# Eliminating lag between laptop and HDTV?



## JPaterson000 (Dec 15, 2010)

Apologizes if this is the wrong forum.

I'm using a Gateway ID59C laptop running Windows 7 x64, and I have an Insignia 32" HDTV. I have an HDMI cable connecting the two of them, but whenever I move the mouse, or watch a movie, or perform any action, there's about a 1.5 second delay before the action is performed on the television.

Is there a way I can eliminate the lag with this connection?

Thanks!


----------



## ebackhus (Apr 21, 2005)

Insignia isn't exactly "top shelf" but check if it has a gaming mode. Those often take away image enhancement to lessen lag. Another thing is to run it as the TV's native resolution to avoid scaling issues.


----------



## JPaterson000 (Dec 15, 2010)

Oh I realize Insignia isn't top shelf, however I'm held up in a place that I don't pay (as part of work) so I'm sadly stuck with it.

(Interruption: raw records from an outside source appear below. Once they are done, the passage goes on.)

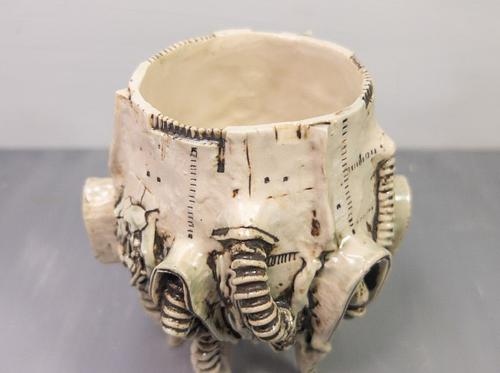 装甲脚鉢 by 林田ドロロウ | JAPAN HANDMADE Auction
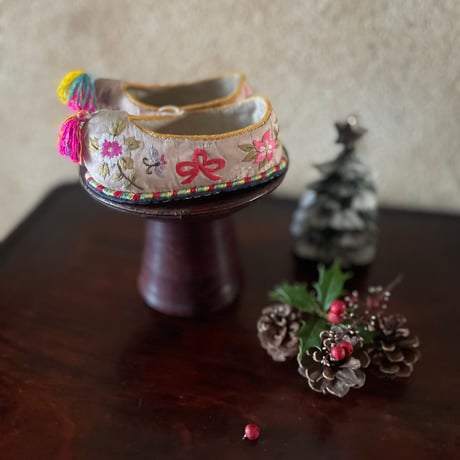 韓国の女の子用の手刺繍靴コッシン ヴィンテージ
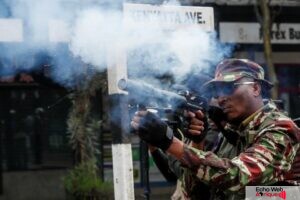 La police kenyane utilise des gaz lacrymogènes pour faire fuir les manifestants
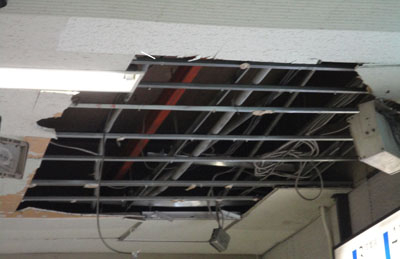 天井が崩壊した駅の様子.jpg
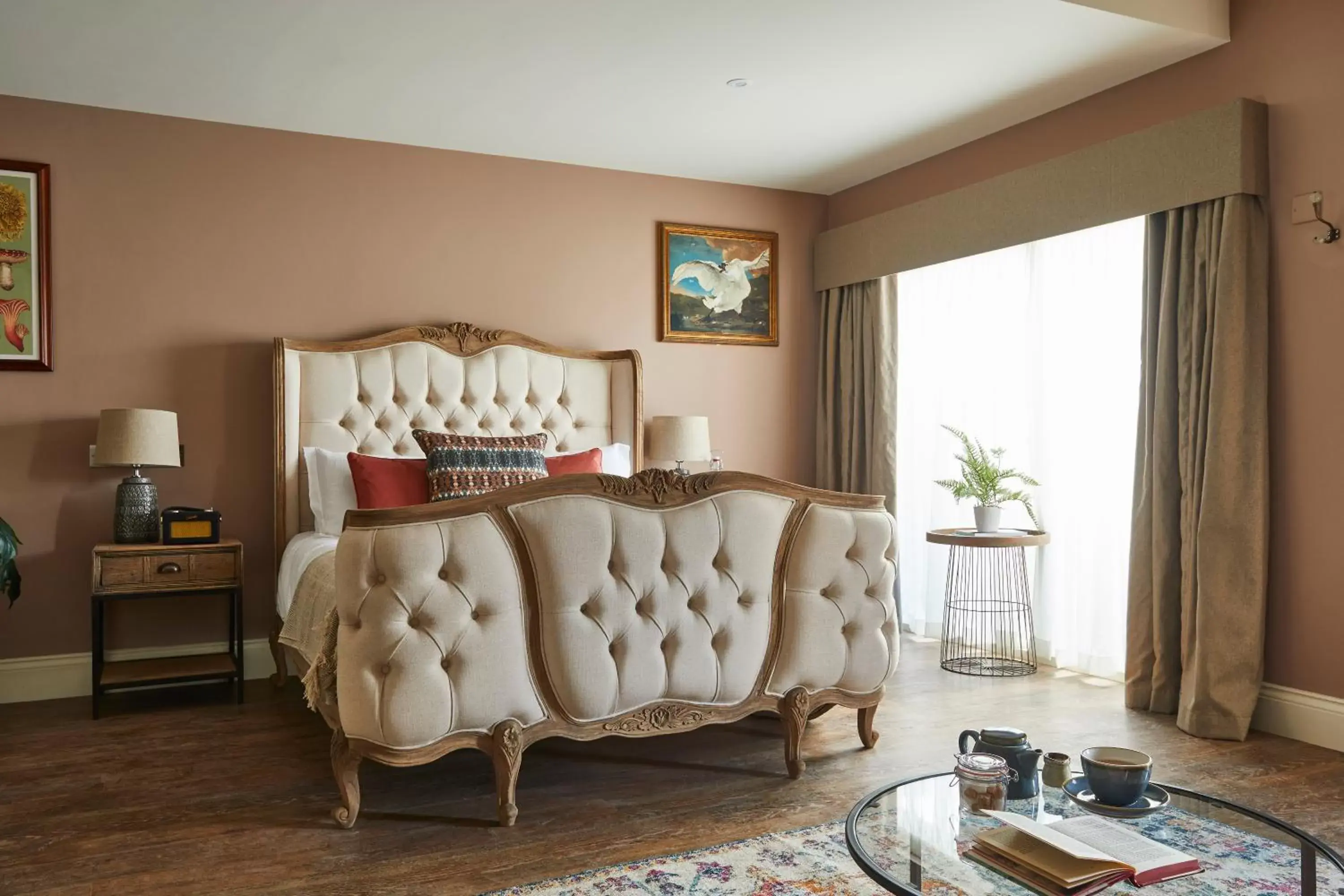 King Room with Roll-In Shower - Disability Access in The Swan Inn King Room with Roll-In Shower - Disability Access in The Swan Inn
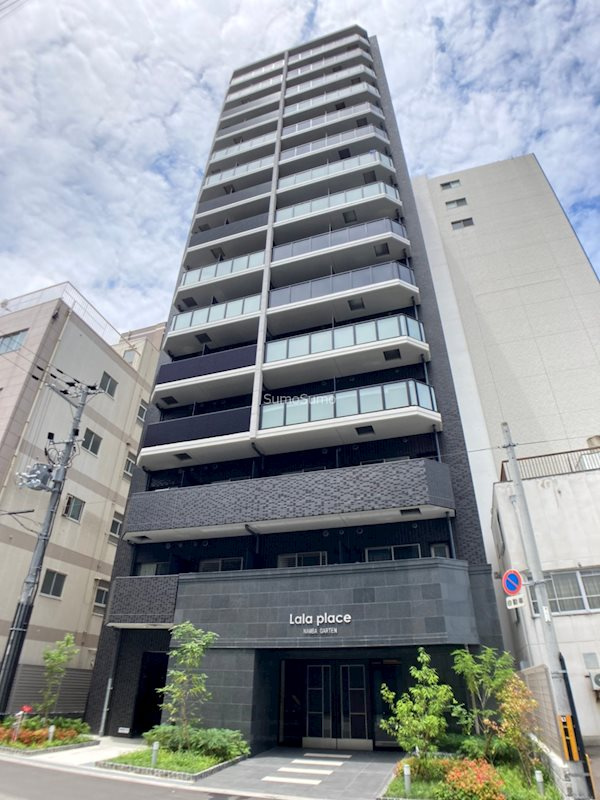 Lala place難波ガルテンの外観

It does have a gaming mode, and I turned off the feature that helps to control motion blur which causes lag itself. I'll just run the games at the TV's resolution.

Thanks!


----------



## ebackhus (Apr 21, 2005)

Ugh, don't get me started on 120Hz! Hate hate hate it! If you can do all that you said you ought to see some improvement in response time.


----------



## adrian555 (Jan 31, 2011)

Get a shorter HDMI cable.


----------